Suatu Ketika di Semanggirapi Ruang sempit berdinding triplek. Sebuah kamar kos milik seorang warga desa dengan rumah sederhana, belum permanen. Seorang lelaki duduk di atas dipan kecil di dalam kamar itu. Ia bernama kaisar. Sebuah telepon genggam ada di tangan kanannya. Didengarkannya dengan seksama suara dari dalam ponsel itu. Kau benar-benar tak ingin pulang? suara seorang wanita dari ponsel. Lelaki muda yang menggenggam ponsel itu tak menjawab. Ini hal yang berat baginya. Memilih satu dari dua hal. Tadinya, lelaki tersebut sudah membuat keputusan. Ada suara helaan napas berat terdengar dari dalam ponsel. Pikirkan baik-baik lagi, Kaisar. Ibu harap kau memilih pulang dan melanjutkan kehidupanmu di sini, Terdengar nada sambungan putus. Percakapan pun berakhir. Lelaki muda bangkit dari tempat tidur. Ia sudah punya agenda bertemu dengan anakanak desa pagi itu. Dia mengambil tumpukan buku dari atas meja dekat dipan. Pagi itu ada agenda mengajar anak-anak desa. Setelah menghela napas sejenak untuk menenangkan pikiran, ia pun segera berangkat menuju gubuk tua seperti biasanya. Mas Kaisar datang! Mas Kaisar, Mas Kaisar! Yes...! Mas Kaisar bawa sesuatu buat kita! Seperti biasa, kedatangan Kaisar sudah dinanti oleh kerumunan anak di desa itu. Setidaknya ada lebih dari lima belas anak yang menunggunya. Mereka menyambut dengan berbagai reaksi. Ada yang menyunggingkan senyum, melambaikan tangan, ataupun tertawa bahagia. Ah, ini pemandangan yang dia suka. Lelaki muda tersebut menyuruh mereka masuk ke dalam gubuk tua, duduk di lantai yang beralas tikar jerami. Tak perlu diulang dua kali, anak-anak itu dengan gesit melaksanakan perintah Kaisar.

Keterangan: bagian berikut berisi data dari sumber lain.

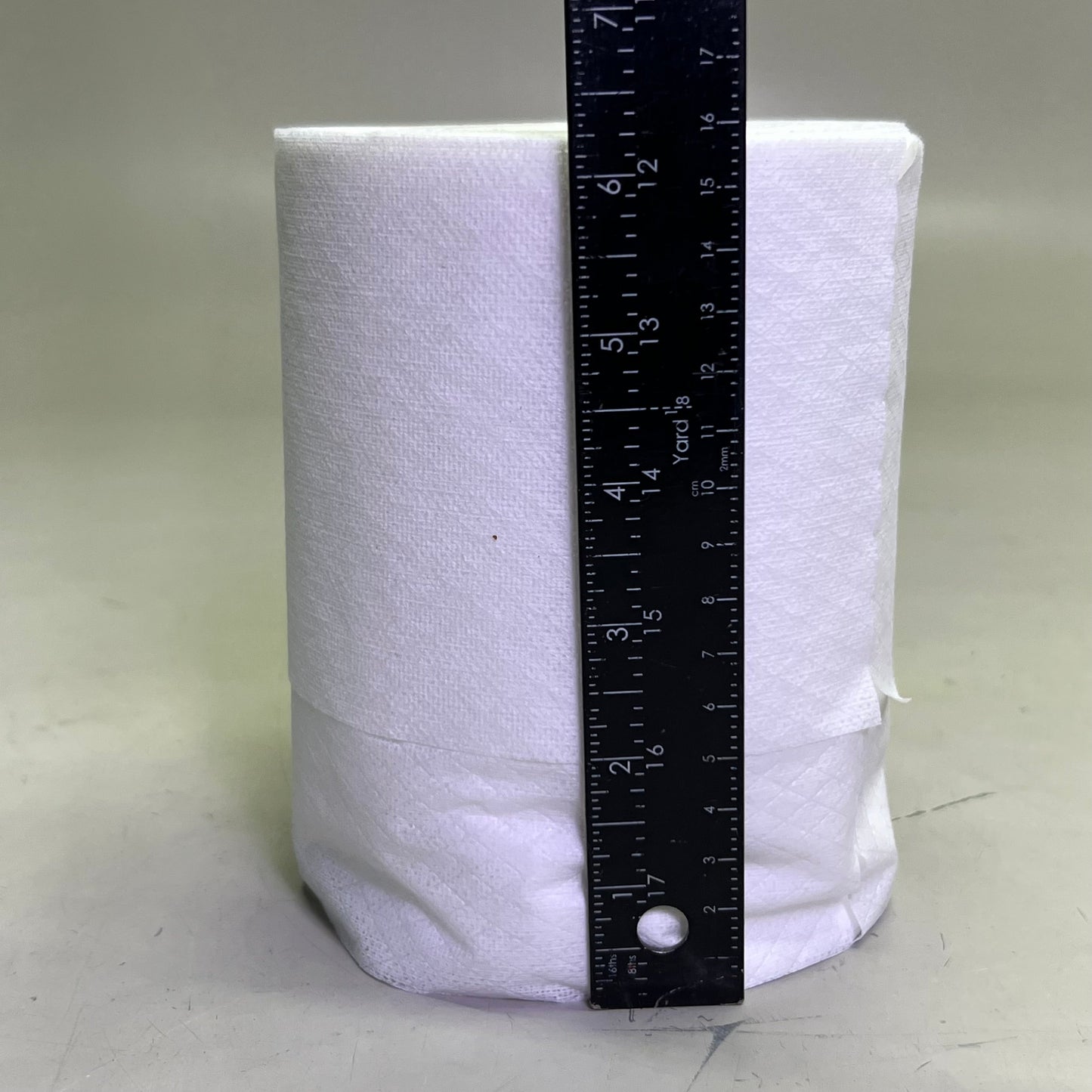 ZA@ TORK (6 PACK) Chem-Ready Wiping Rolls 192841 (New Other, Distressed Box) I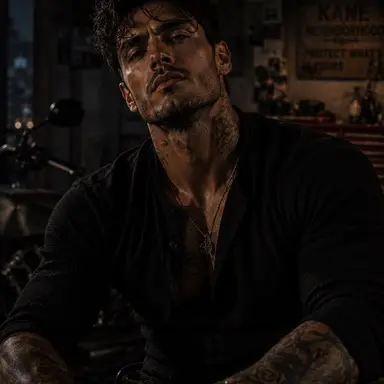 Profile image of Enzo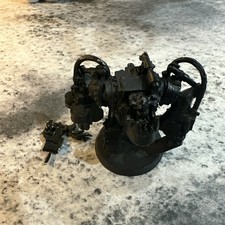 Orks ghazghkull thraka for sale  Shorewood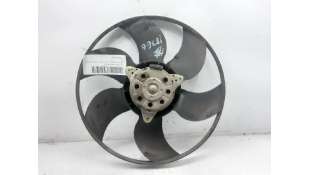 ELECTROVENTILADOR RENAULT MEGANE II (2003-2008) 1.5 DCI (BM02, BM13, BM2A, CM02, CM13) 101CV 1461CC - L.4827959 / 770107186 2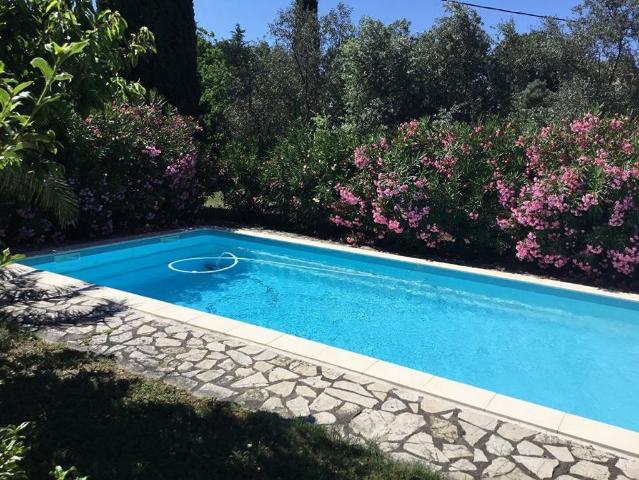 Maison de luxe de 130 m2 en vente Flayosc, Provence Alpes Côte d'Azur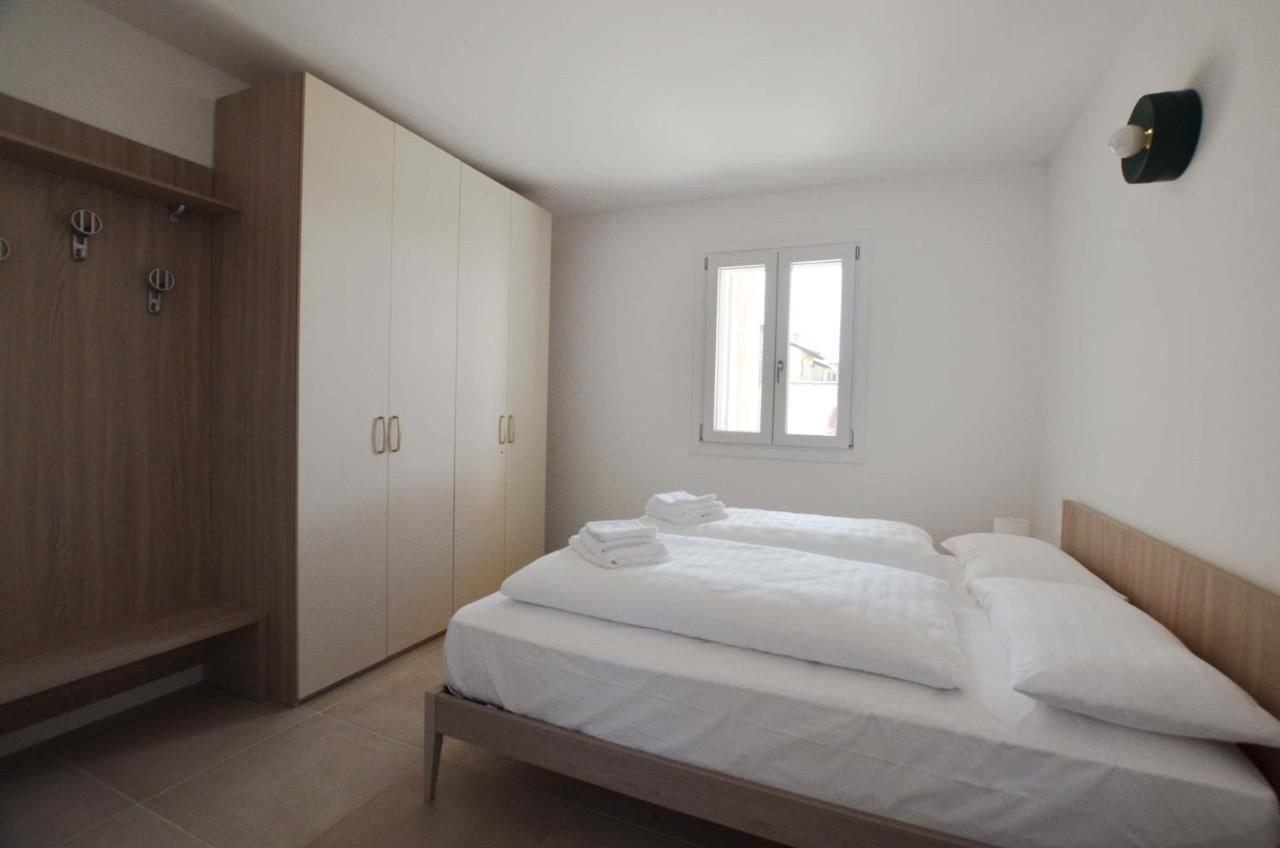 Ferienwohnung 51.B Aiello del Friuli Exterior foto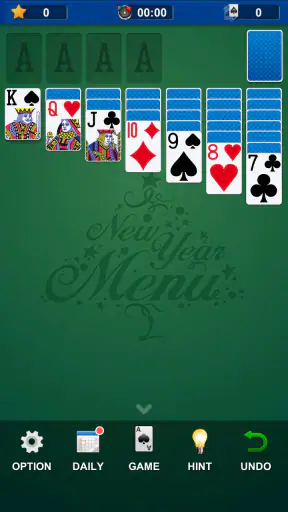 Solitaire: Classic Klondike screenshot 12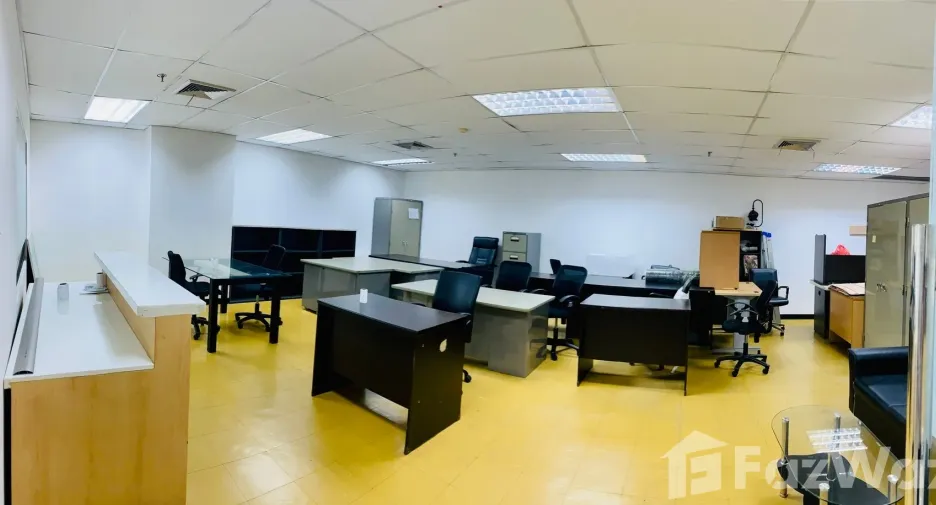Oficina en alquiler en Watthana, Bangkok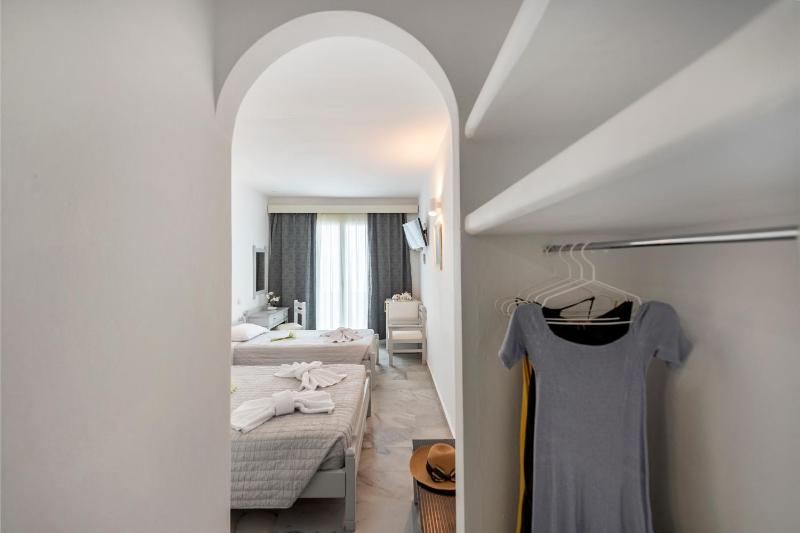 Hotel Aegeon - image 2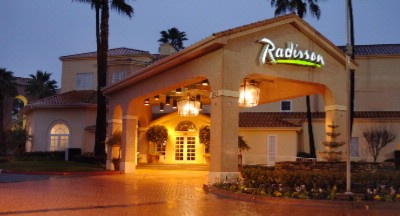 Image of Radisson Suite Hotel Rancho Bernardo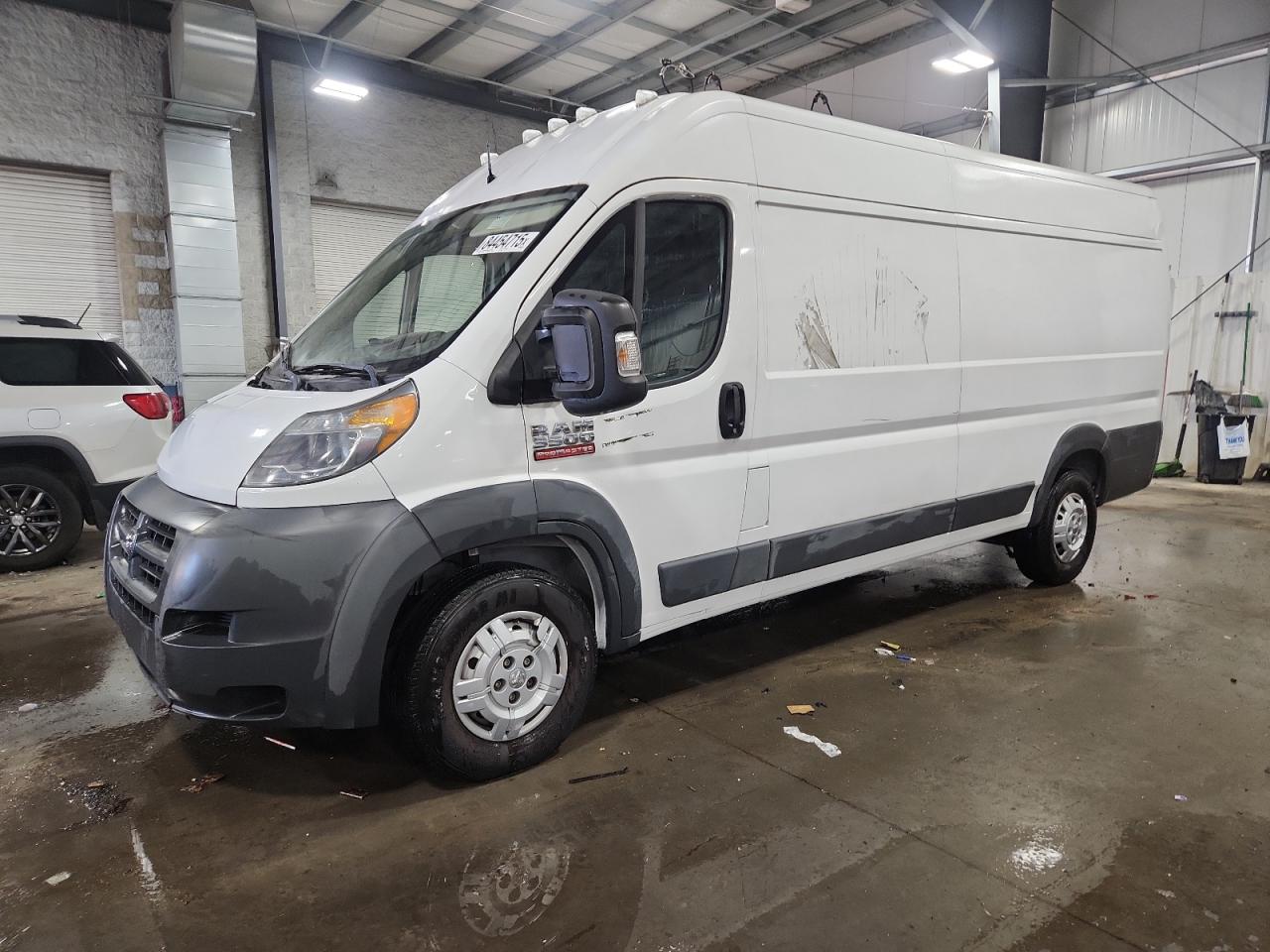RAM PROMASTER 2016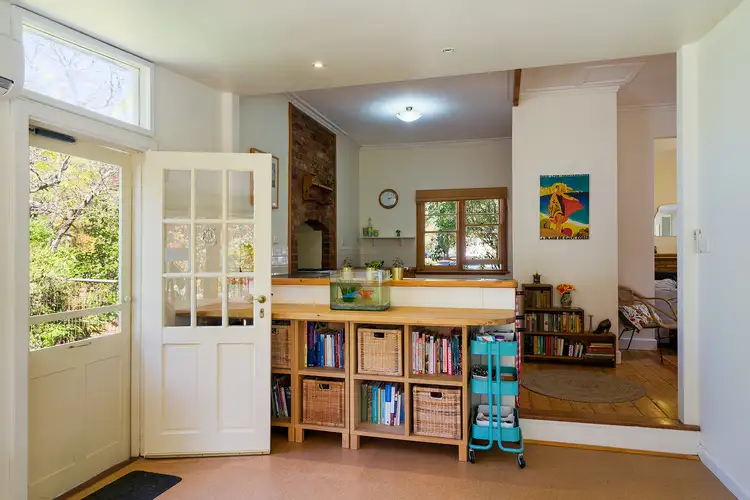 Second view of Homely house listing, 21 Britton Street, Castlemaine VIC 3450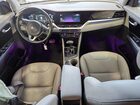 2021 Kia Niro Ex Premium Blue vin: KNDCE3LC3M5466035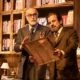 Com direção de Elias Andreato, “A Última Sessão de Freud” tem nova temporada no Teatro Vivo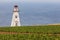 Cape Tryon Lighthouse on Prince Edward Island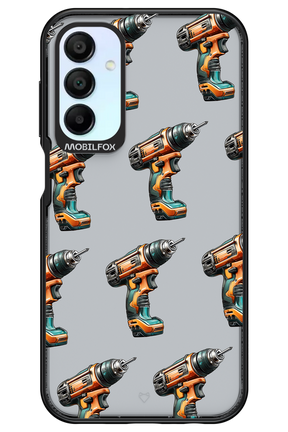 Screwdriver Time 2.0 - Samsung Galaxy A15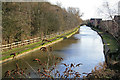 Grand Union Canal, Loughborough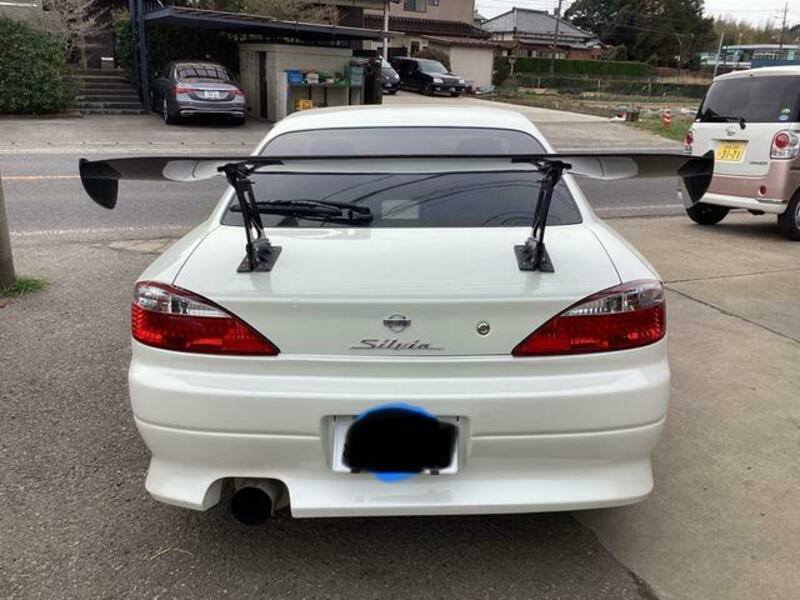 SILVIA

Ruangan tak berpintu yang hanya dialasi tikar jerami dan sedikit berdebu itu merupakan tempat berkumpulnya Kaisar dan anak-anak desa itu setiap hari. Gubuk yang tak terlalu luas ini terbuat dari tumpukan jerami dan telah lama berdiri. Awalnya, gubuk itu tidak terurus. Namun semenjak kedatangan Kaisar, gubuk itu selalu dibersihkan dan didatangi banyak orang. Halo, anak-anak! Hari ini, Mas Kaisar bawakan sesuatu untuk kalian, kata Kaisar sambil menunjukkan setumpuk buku yang dibawanya. Ada yang tahu, apa yang akan kita kerjakan hari ini? sapa Kaisar. Anak-anak itu saling berbisik, menerka-nerka tentang apa yang akan Kaisar lakukan. Ada yang diam-diam menunjuk tumpukan buku yang dibawa Kaisar, ada yang menaikturunkan bahu, ada juga yang menggelengkan kepala menyerah untuk menebak. Kaisar berkeliling diantara barisan duduk anak-anak itu, membagikan buku-buku. Masing-masing mendapatkan satu buku. Anak yang sudah mendapatkan bagiannya nampak mulai asyik membuka lembar demi lembar buku tersebut, sedangkan yang lain menunggu bagian mereka dibagikan. Baiklah, semua sudah mendapatkan bagian, bukan? tanya Kaisar memastikan. Sudah! sorak anak-anak tersebut. Seorang anak perempuan mengacungkan jari. Dia merupakan anak dengan perawakan tubuh yang paling tinggi diantara teman-temannya, Mas Kaisar dapat buku bergambar ini darimana? Mas Kaisar nitip ke teman-teman relawan kemarin waktu mereka pulang. Mas Kaisar minta tolong mereka buat kirim lewat pos, jawab Kaisar. Seorang anak lain menyahut, Kalau gitu, kita bisa nitip yang lain juga dong! Bisa kan, Mas Kaisar? Seketika ruangan kecil tersebut menjadi ramai, membicarakan tentang barang apa yang mereka inginkan. Kaisar terkekeh, Kamu bisa saja. Baiklah, nanti kita diskusikan perihal itu. Sekarang mari kita mulai belajar, timpal Kaisar. Anak-anak itu kembali fokus, menghentikan pembicaraan tentang barang titipan.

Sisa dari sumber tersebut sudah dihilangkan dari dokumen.